== What the task requires ==
I'd like the listing below copied exactly, with the images left out.

== Dataset section ==

Content starts

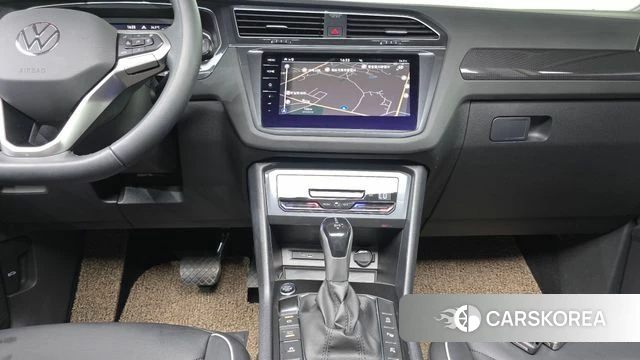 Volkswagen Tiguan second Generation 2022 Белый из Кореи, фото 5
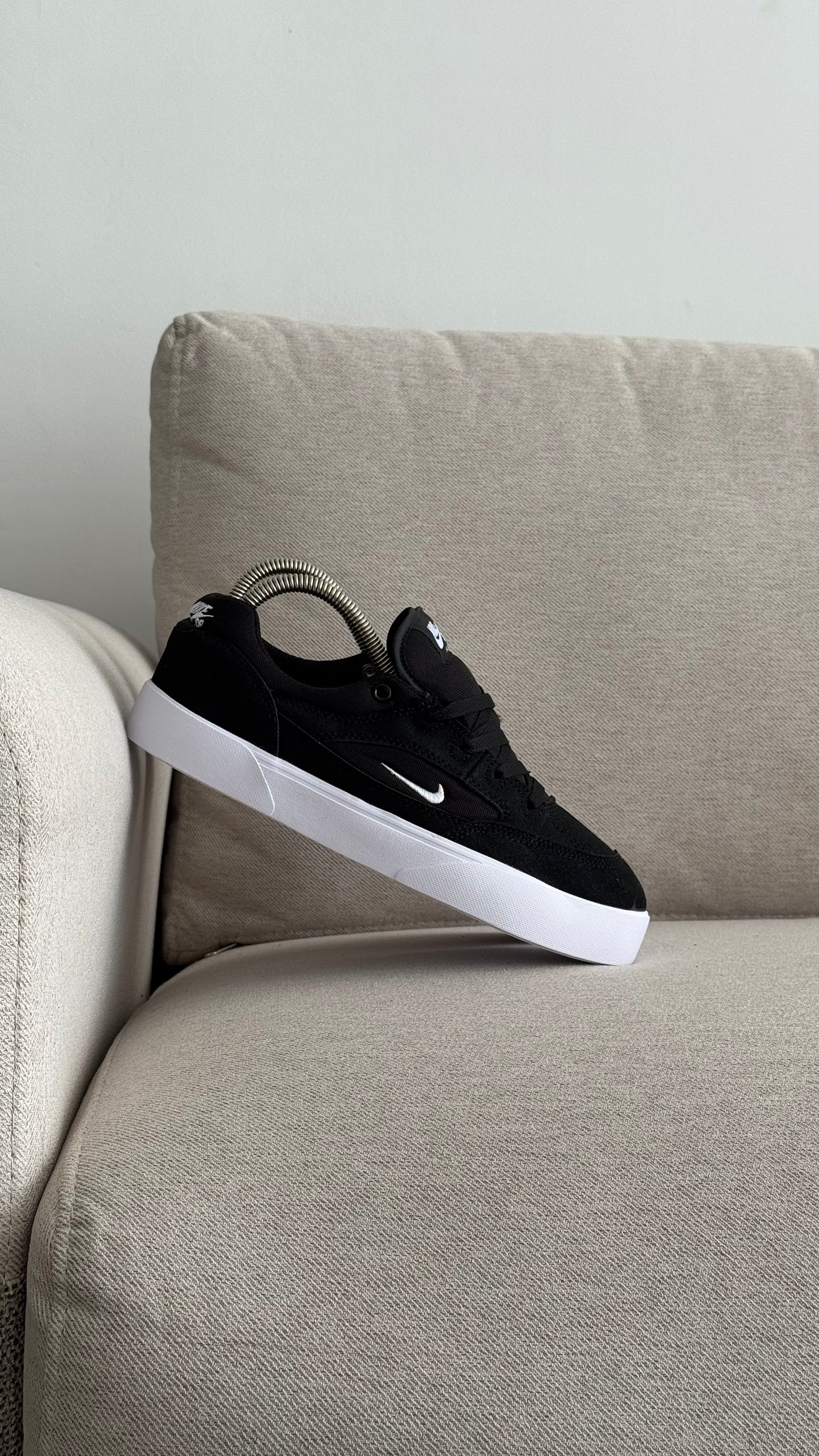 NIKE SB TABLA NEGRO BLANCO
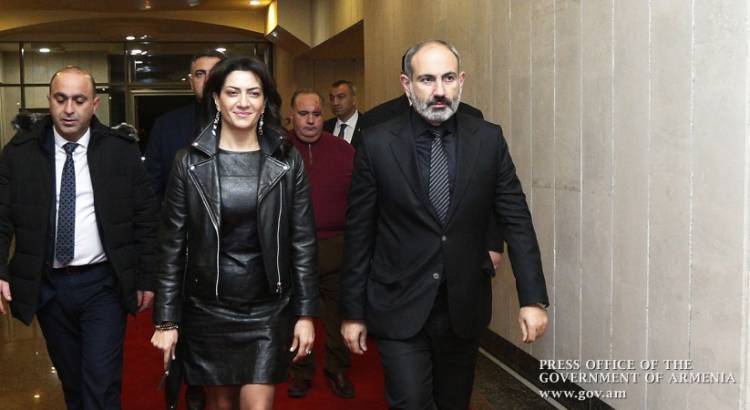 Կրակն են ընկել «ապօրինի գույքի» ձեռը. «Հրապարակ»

Content ends

== Response area ==
 Volkswagen Tiguan second Generation 2022 Белый из Кореи, фото 5
 NIKE SB TABLA NEGRO BLANCO
 Կրակն են ընկել «ապօրինի գույքի» ձեռը. «Հրապարակ»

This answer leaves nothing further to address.